Posted on 12/07/2022 8:00:20 AM PST by Red Badger
Thanks Red Badger.
“Given such riches, experts deduced the buried woman must have been highly wealthy. She was likely a leader in the Christian community and may have been one of the earliest women to obtain a highly ranked status in the church, the archaeologists said, according to the outlet.”
Nonsense wishful thinking from people letting their fantasies and biases affect their thinking. More likely she was just a noblewoman, not a “leader in the Christian community”, since women were not allowed to be leaders in the Christian community (outside of convents) until rather recently.
Looks possibly like a woman on the left, a man on the right, and an infant between them. So if that’s the case I expect the coins/medallions depict Mary, Joseph and baby Jesus in a nativity scene.
Further excavations and explanations are being held in abeyance until Phil Harding arrives on the site.

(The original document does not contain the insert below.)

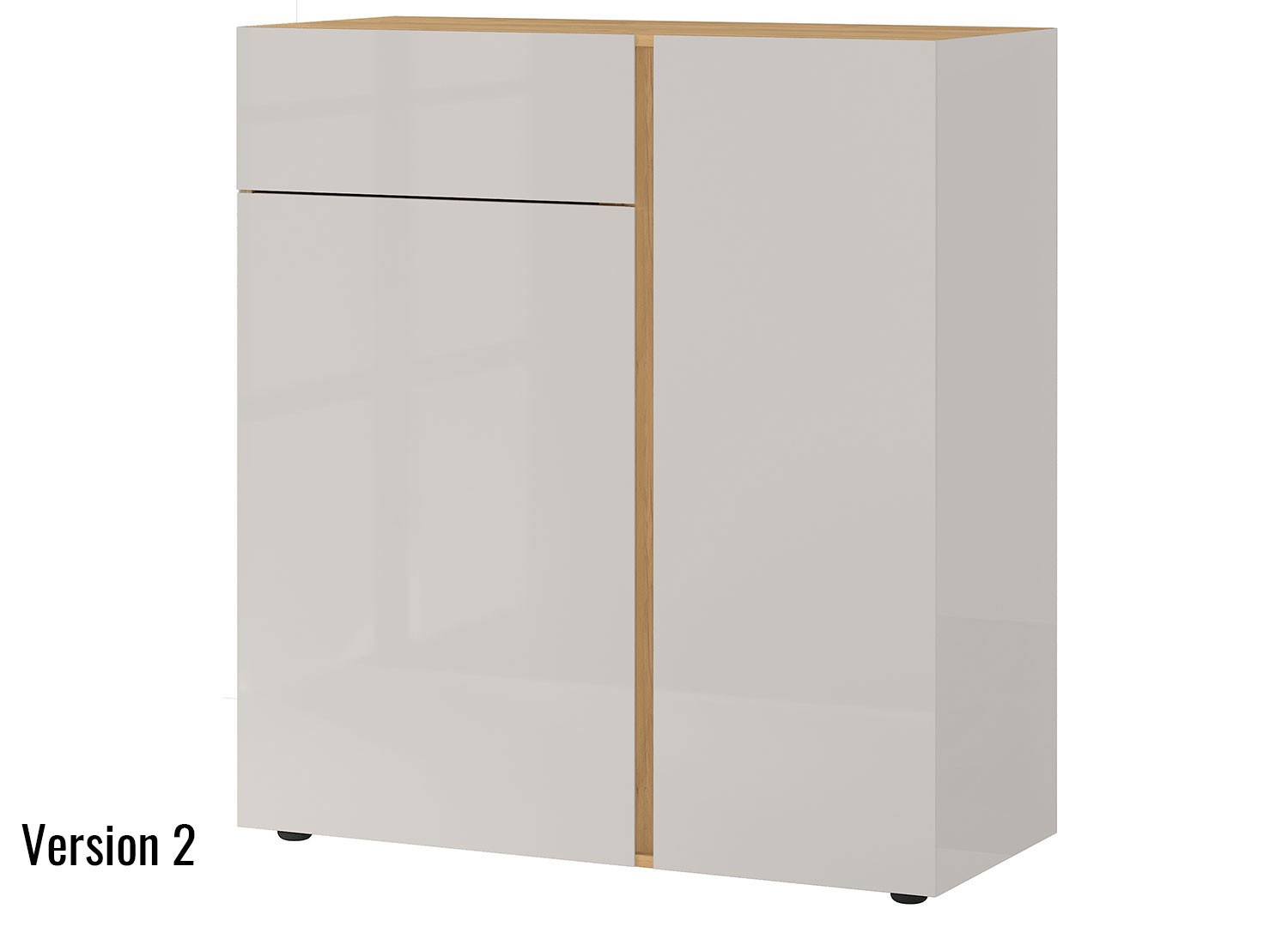 Commode cachemire et chêne 2 portes et 1 tiroir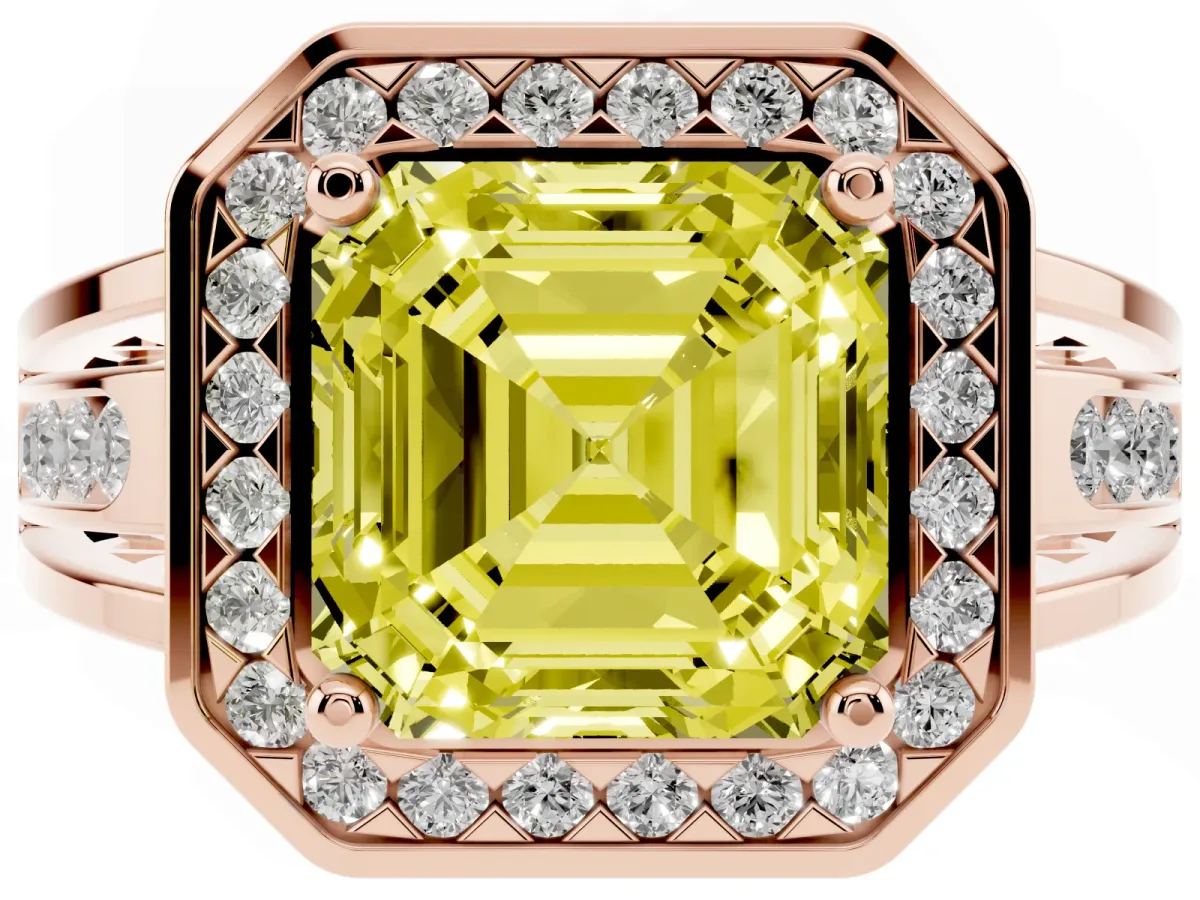 Fancy Yellow Asscher Cut Diamond Halo Ring with Split Shank and Bezel Accents and Prong Setting Rose gold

Or it could the emperor, empress and their child...hard to make out the lettering on the coin.
Maybe, but I think the figure on the left is a woman, and if it were an Emperor, the Emperor should be the leftmost figure, so the woman would be on the right. But in nativity scenes, Mary is often given the place of prominence over Joseph.
Yes, one of the medallions is a nativity scene.
I think the other is the baptism of Jesus by John the Baptist.